Neuroscienziati israeliani testano un nuovo approccio contro l’Alzheimer

Salute

di Michael Soncin
Degli scienziati israeliani dell’Università Ben-Gurion del Negev hanno potuto constatare il pieno ripristino delle facoltà cognitive, in 30 topi affetti da Alzheimer, ai quali era stata somministrata una nuova molecola da loro creata, chiamata VBIT-4. La ricerca peer-reviewed è stata pubblicata sulla rivista scientifica Translational Neurodegeneration.

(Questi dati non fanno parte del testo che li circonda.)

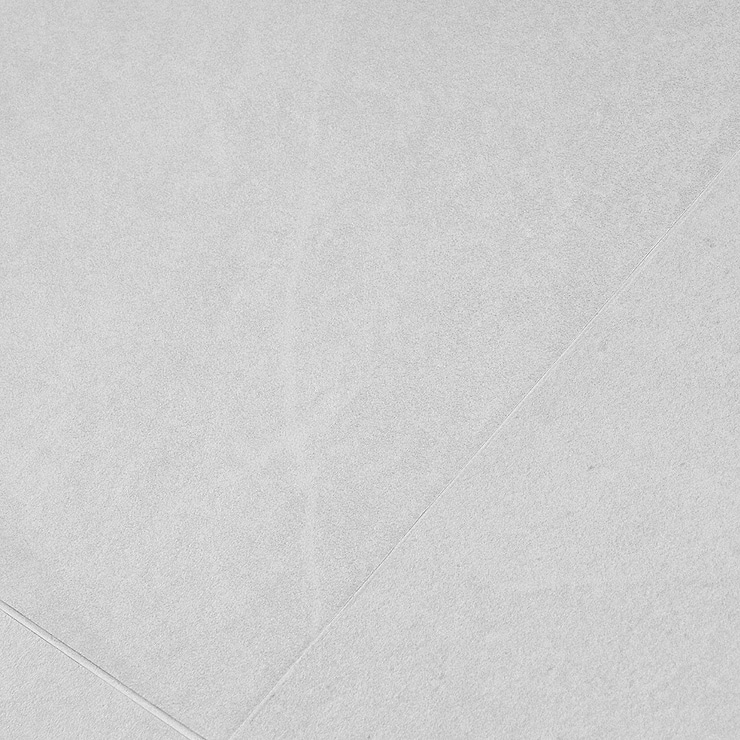Fordham Bianco 24x24 White Matte Porcelain Floor and Wall Tile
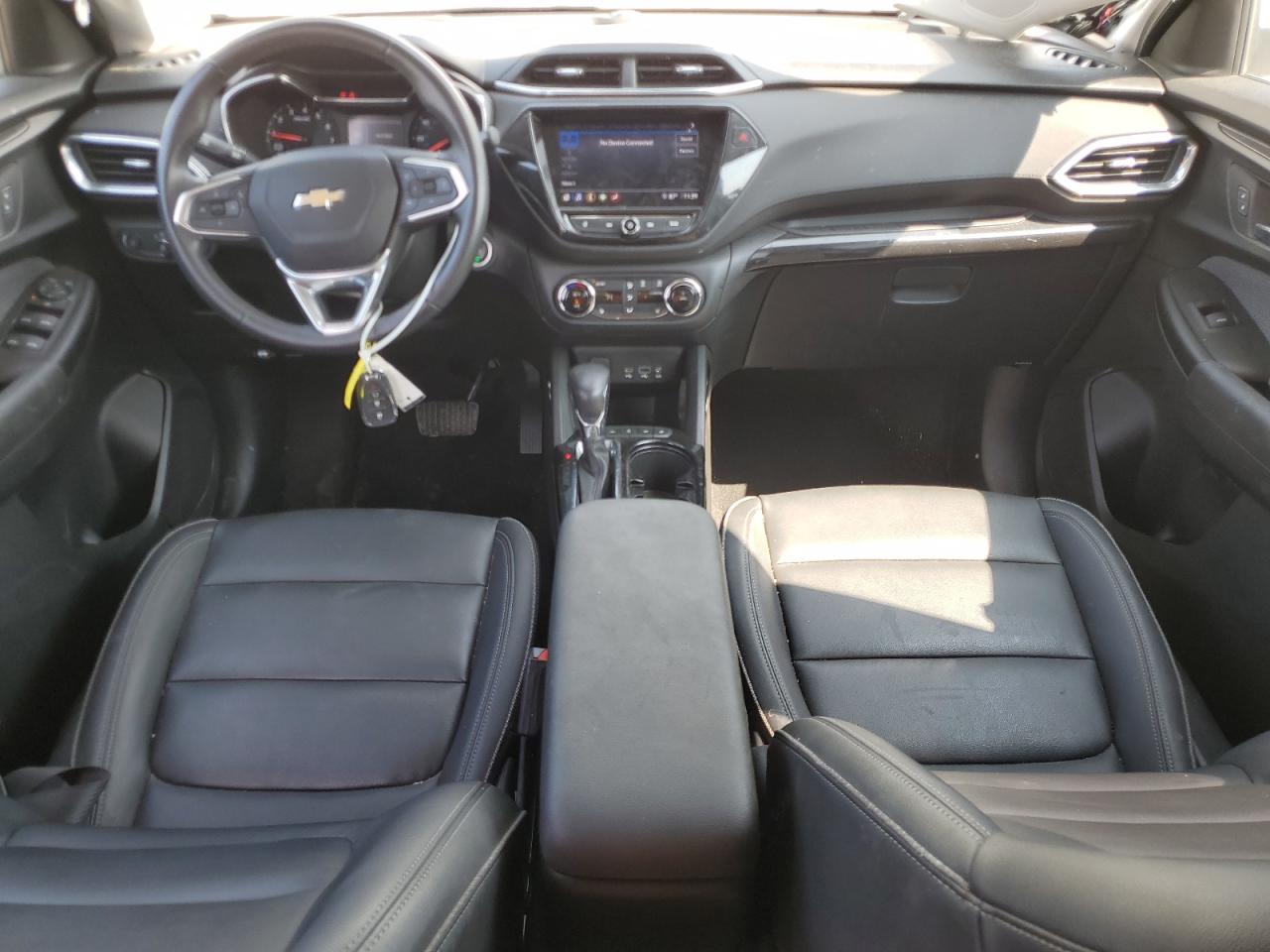 CHEVROLET TRAILBLAZER LT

Essi precisano che per il momento si tratta di una verifica su piccola scala e che la prova è ancora lontana per essere ripetuta sull’essere umano; ma al contempo, vista l’importanza del risultato ottenuto, credono che vi sia la possibilità che la neo-molecola sintetica possa diventare un farmaco, per il trattamento della malattia neurodegenerativa, entro 10 anni.

“Abbiamo adottato un metodo di gran lunga differente, rispetto agli sforzi fatti per i farmaci contro l’Alzheimer che abbiamo visto finora”, ha detto al Times of Israel la professoressa Varda Shoshan-Barmatz, principale autrice dell’esperimento. “I roditori che avevano l’Alzheimer e che hanno poi ricevuto la nostra molecola, dopo essere stati sottoposti ad un test, si è visto, che avevano le medesime capacità cognitive di quelli che non avevano mai contratto la patologia”.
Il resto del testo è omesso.